A lot are related to Anger.

If I have to evaluate for this week, these criteria:
Sign of unhealthjy
 Problem to sleep : OK this week
 Frequency of anger at work : Not OK
 Lack of patience : could be better, void feeling
 Concentration difficulties : could be better
 Easily aroused, frequence of erection : OK
 Frustration feeling when I am excited : OK

Currently, I think my imbalance is mainly due to a void feeling. I am still on “all or nothing”. As I am in transition period in many topics (work, house…) I feel void sometime. Each time I have an activity I jump on it and involve myself a lot, in a compulsive way. In parallel, I develop a skill to find activities (for example think about Christmas present, read abut new technology on internet…). So it is an opportunity for development.

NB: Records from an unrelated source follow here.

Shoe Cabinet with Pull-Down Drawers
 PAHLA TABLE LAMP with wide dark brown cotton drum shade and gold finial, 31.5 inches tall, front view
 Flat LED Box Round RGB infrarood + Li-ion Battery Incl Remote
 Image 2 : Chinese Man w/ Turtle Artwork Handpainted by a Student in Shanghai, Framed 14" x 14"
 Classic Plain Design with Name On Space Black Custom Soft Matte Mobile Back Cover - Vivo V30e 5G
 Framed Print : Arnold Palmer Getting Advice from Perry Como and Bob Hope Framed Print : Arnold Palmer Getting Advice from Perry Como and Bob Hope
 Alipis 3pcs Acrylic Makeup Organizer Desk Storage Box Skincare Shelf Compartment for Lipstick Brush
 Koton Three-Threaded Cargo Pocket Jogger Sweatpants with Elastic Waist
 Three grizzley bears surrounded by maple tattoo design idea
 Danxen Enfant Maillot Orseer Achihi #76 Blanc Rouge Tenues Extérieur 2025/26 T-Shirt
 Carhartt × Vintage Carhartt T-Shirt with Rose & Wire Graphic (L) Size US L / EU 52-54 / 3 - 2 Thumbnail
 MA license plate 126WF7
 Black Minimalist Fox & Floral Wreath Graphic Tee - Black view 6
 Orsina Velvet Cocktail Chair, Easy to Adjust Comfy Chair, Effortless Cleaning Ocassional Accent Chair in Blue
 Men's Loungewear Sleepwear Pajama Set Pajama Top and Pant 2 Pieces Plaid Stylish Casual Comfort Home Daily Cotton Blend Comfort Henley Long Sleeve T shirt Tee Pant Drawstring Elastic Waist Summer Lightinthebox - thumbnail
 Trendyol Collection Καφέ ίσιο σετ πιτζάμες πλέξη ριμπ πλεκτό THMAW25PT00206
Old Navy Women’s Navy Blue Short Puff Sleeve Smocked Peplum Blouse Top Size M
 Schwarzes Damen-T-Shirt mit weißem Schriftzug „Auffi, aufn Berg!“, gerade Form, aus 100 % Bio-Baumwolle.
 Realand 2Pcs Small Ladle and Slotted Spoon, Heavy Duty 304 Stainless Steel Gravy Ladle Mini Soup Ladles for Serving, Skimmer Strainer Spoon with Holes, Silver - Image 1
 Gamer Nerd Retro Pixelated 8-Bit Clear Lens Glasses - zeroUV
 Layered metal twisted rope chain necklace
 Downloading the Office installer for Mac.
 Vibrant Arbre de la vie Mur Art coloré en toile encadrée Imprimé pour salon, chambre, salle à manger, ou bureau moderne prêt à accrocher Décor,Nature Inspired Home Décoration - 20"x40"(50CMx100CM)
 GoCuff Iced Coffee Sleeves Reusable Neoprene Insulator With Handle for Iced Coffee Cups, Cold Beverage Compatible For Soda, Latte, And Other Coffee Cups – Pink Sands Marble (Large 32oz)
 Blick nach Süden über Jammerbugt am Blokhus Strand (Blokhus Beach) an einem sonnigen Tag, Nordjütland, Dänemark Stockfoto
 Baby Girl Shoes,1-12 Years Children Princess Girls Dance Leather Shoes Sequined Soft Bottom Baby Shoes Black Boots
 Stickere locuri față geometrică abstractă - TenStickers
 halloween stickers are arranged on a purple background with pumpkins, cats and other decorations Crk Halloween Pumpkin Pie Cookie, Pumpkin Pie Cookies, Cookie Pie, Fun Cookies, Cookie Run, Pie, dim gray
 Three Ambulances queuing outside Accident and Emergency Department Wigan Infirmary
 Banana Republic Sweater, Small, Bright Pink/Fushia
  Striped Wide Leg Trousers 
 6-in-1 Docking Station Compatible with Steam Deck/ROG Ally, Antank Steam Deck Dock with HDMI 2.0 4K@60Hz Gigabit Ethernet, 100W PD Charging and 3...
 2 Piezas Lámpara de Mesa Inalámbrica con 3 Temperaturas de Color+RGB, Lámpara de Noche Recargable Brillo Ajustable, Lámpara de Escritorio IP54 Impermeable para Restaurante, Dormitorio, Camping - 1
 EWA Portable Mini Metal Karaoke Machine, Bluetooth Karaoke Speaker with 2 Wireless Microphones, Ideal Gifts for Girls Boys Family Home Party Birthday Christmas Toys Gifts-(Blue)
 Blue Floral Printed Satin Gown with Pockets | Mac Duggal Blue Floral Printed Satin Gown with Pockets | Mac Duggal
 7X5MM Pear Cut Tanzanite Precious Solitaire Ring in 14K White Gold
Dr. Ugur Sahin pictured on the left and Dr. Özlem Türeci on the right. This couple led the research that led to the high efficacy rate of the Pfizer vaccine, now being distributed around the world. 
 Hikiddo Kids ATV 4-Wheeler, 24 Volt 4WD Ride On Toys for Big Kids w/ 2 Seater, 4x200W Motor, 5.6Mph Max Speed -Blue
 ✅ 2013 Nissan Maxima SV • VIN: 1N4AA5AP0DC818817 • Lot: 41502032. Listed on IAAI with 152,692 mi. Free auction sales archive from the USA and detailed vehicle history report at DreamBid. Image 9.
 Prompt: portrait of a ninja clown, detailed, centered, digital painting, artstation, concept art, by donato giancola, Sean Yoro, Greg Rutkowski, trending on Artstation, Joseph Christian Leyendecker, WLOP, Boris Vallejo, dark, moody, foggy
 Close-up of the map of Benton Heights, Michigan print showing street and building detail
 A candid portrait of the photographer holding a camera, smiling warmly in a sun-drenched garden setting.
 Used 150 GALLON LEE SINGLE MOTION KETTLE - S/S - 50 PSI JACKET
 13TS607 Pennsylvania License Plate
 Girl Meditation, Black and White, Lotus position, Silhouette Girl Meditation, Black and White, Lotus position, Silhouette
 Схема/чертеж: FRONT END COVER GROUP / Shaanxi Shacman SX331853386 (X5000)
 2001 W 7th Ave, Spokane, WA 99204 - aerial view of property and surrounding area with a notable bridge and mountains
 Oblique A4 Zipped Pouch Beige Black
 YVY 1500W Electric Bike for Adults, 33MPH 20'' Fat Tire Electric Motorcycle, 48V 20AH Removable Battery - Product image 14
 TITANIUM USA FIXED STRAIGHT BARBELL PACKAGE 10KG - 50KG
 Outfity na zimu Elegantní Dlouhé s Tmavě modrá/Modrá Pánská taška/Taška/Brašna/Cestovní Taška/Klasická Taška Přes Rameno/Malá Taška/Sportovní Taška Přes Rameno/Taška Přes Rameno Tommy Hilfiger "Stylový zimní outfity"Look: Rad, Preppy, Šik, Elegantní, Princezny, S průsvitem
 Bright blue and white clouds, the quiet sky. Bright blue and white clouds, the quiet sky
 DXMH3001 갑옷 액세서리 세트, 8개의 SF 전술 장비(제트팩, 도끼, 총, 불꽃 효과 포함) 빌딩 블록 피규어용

But I would lie if I would say that I am able to switch quickly from emotional balance to self developmenet opportunities.

On the last post, I spoke about a leaving party at home. We had a good time during all afternoon, I feel confortable. I failed to refuse the invitation from the others guys to plan a leaving party down town. I accepted, I did not find the courage to say no. So I will go. I will take one of the guy I appreciate a lot as a witness. And I am going to prepare actively this event. Very dangerous, I am afraid of course, but with a lot of Learning opportunity.

During this leaving party at home, friends offered to me and my wife as leaving present, a short stay in a spa/massage saloon. This present triggered me. Last relapse took place in a massage salon, and even if I did not experience that much, I know such place is very suspicious in China. So I have been triggered, I start to have thought about that, but I did not tell to my wife my inconfort. She asked me 2 days later, and I told her. She told me she does not want to go in such place with me. I understand and I accept. She will go with her friend. I feel guilt to not have tell her about my thought and emotion concerning this present.

As for the anger example at beginning of this post, I keep too much for me, my emotional issue. I think it is a problem, I think it is not healthy to act this way.

I want to restore better communication rituals with my wife.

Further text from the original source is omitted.